# DIRECTIONS FOR THIS TASK
Please return only the lines from the one with "Crimped Texture Flared Trousers" through the final line of the data, unchanged, with pictures omitted.

# COLLECTED MATERIAL
# # # #
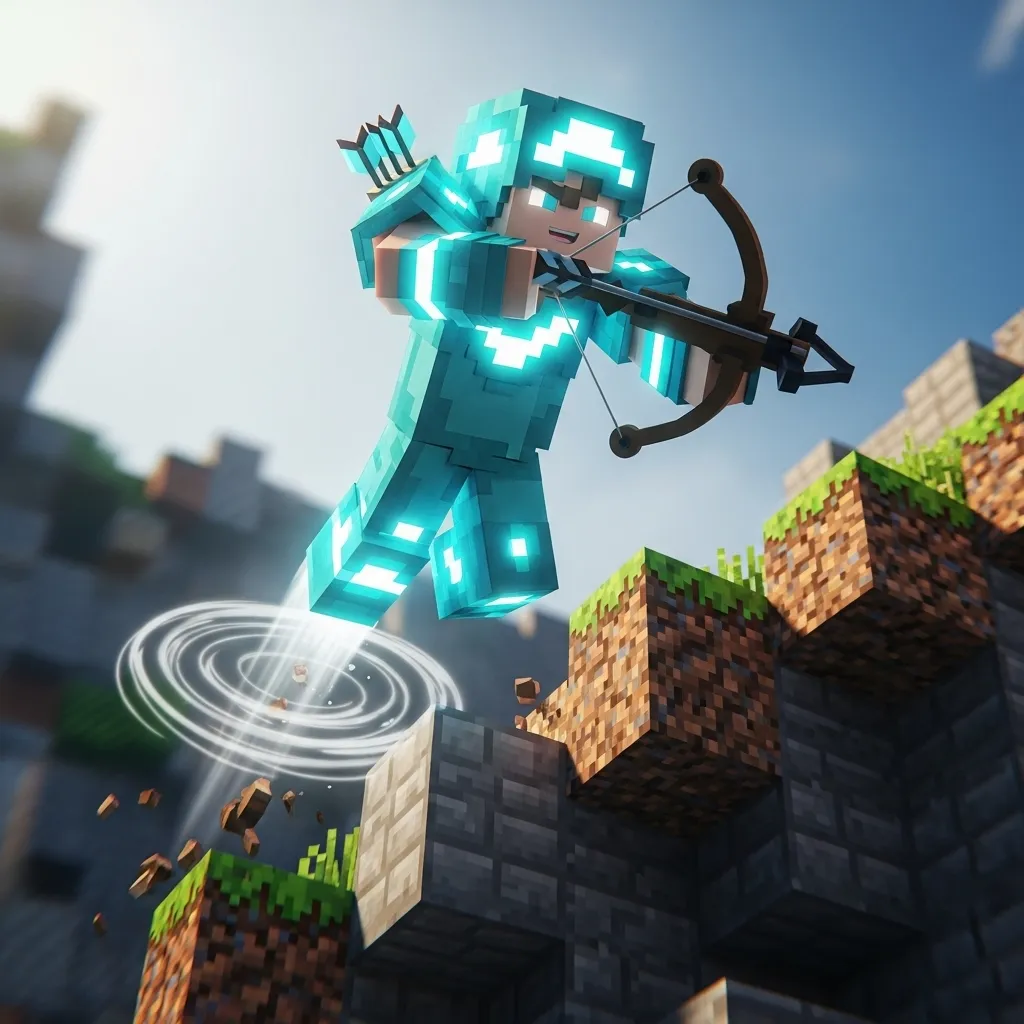 A highly detailed, dynamic low-angle shot of a Minecraft player mid-air, having just used a Wind Charge to launch off a structure, aiming a crossbow at an opponent below; glowing custom armor accents visible; bright action lighting; no text, no words, no typography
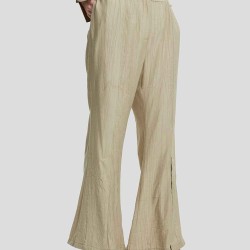 Crimped Texture Flared Trousers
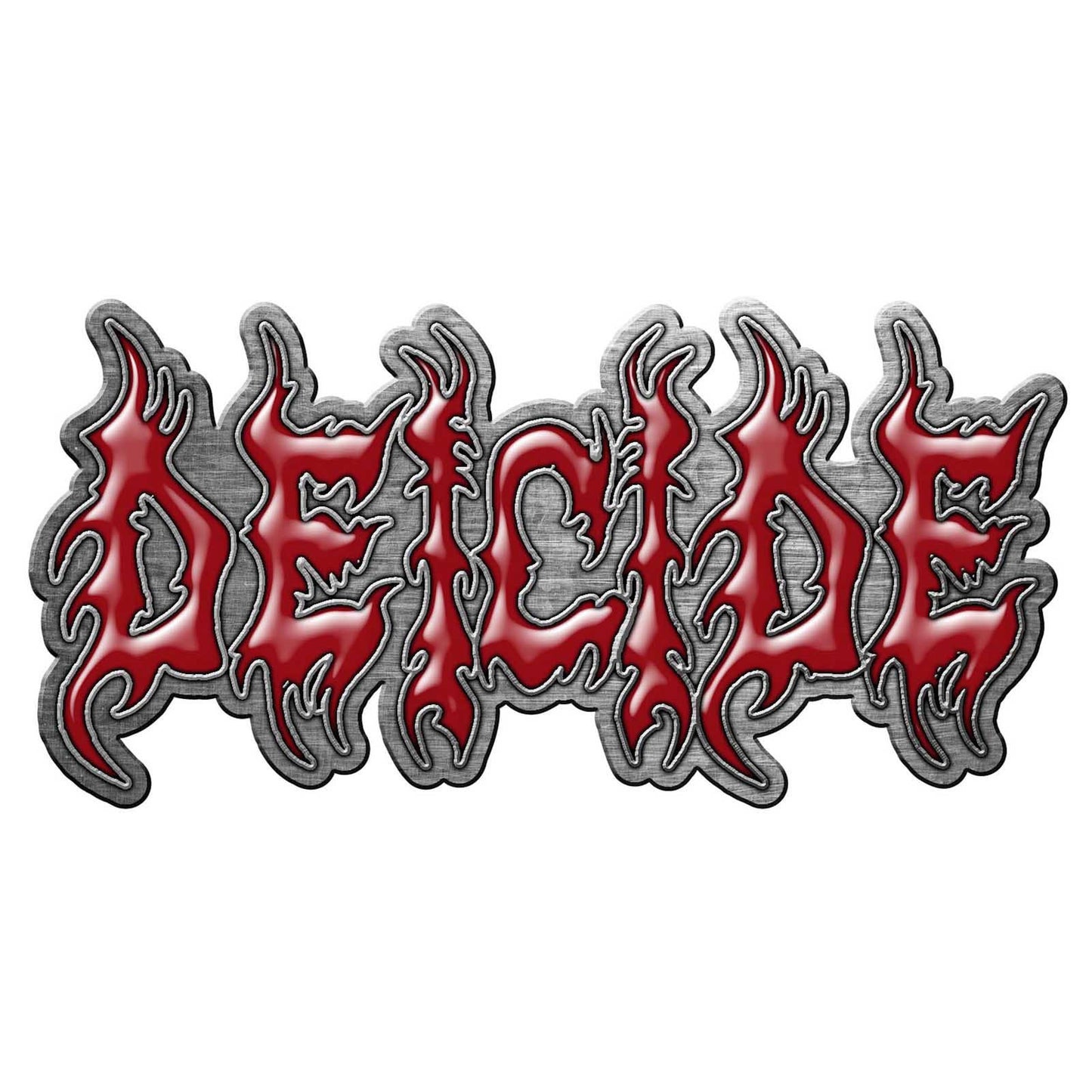DEICIDE Enamel Metal Pin Badge - Approx 1 Inch - Deicide Red Logo - Pinback Badge Button Lapel With Butterfly Clutch Attachment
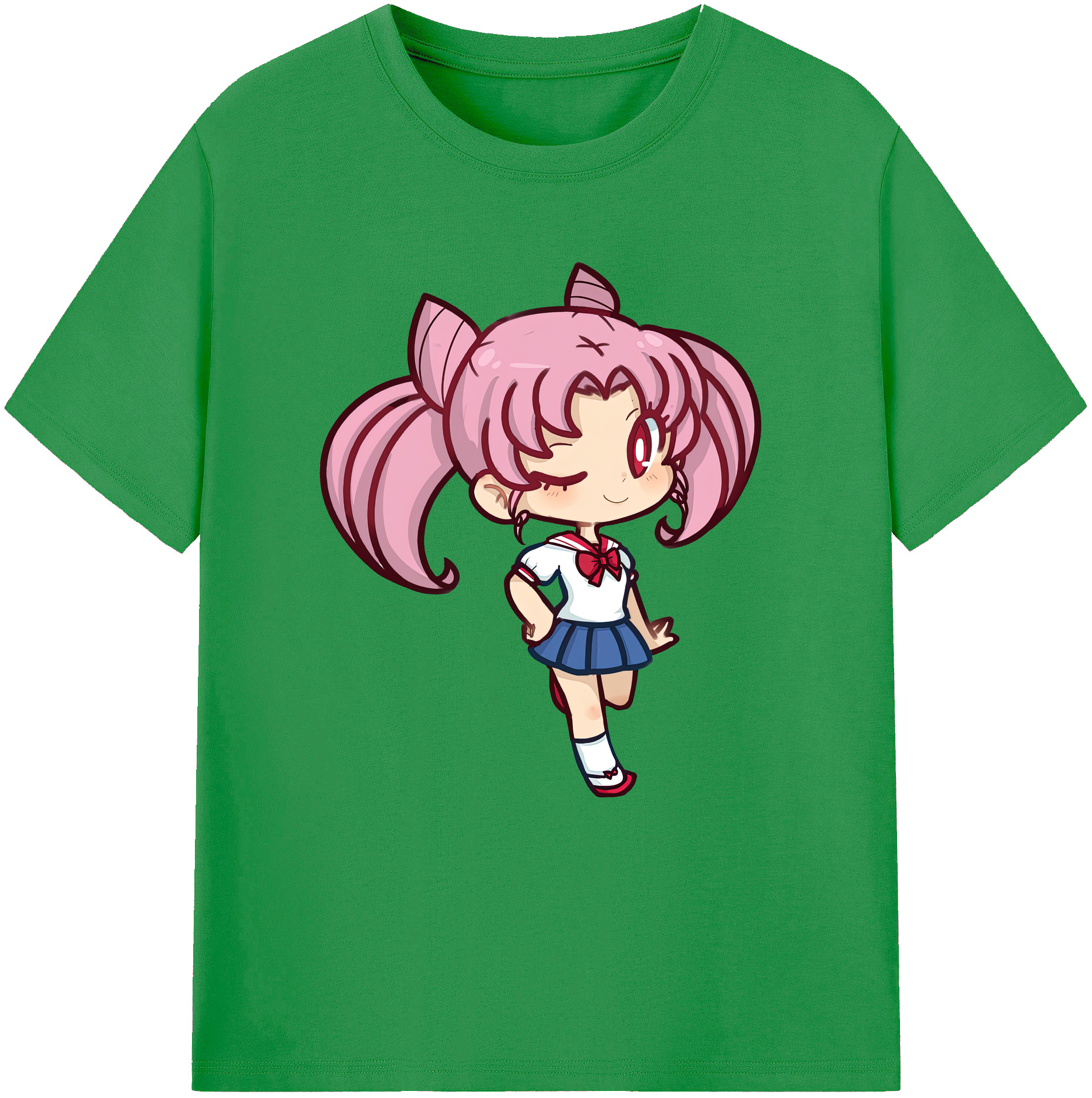 （画像用） 美少女戦士セーラームーン ちびうさ Sailor Moon Chibiusa Tsukino Usagi Small Lady Serenity レディースカジュアルプリントTシャツ（綿100％）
# # # #
# TASK RESULT
 Crimped Texture Flared Trousers
DEICIDE Enamel Metal Pin Badge - Approx 1 Inch - Deicide Red Logo - Pinback Badge Button Lapel With Butterfly Clutch Attachment
 （画像用） 美少女戦士セーラームーン ちびうさ Sailor Moon Chibiusa Tsukino Usagi Small Lady Serenity レディースカジュアルプリントTシャツ（綿100％）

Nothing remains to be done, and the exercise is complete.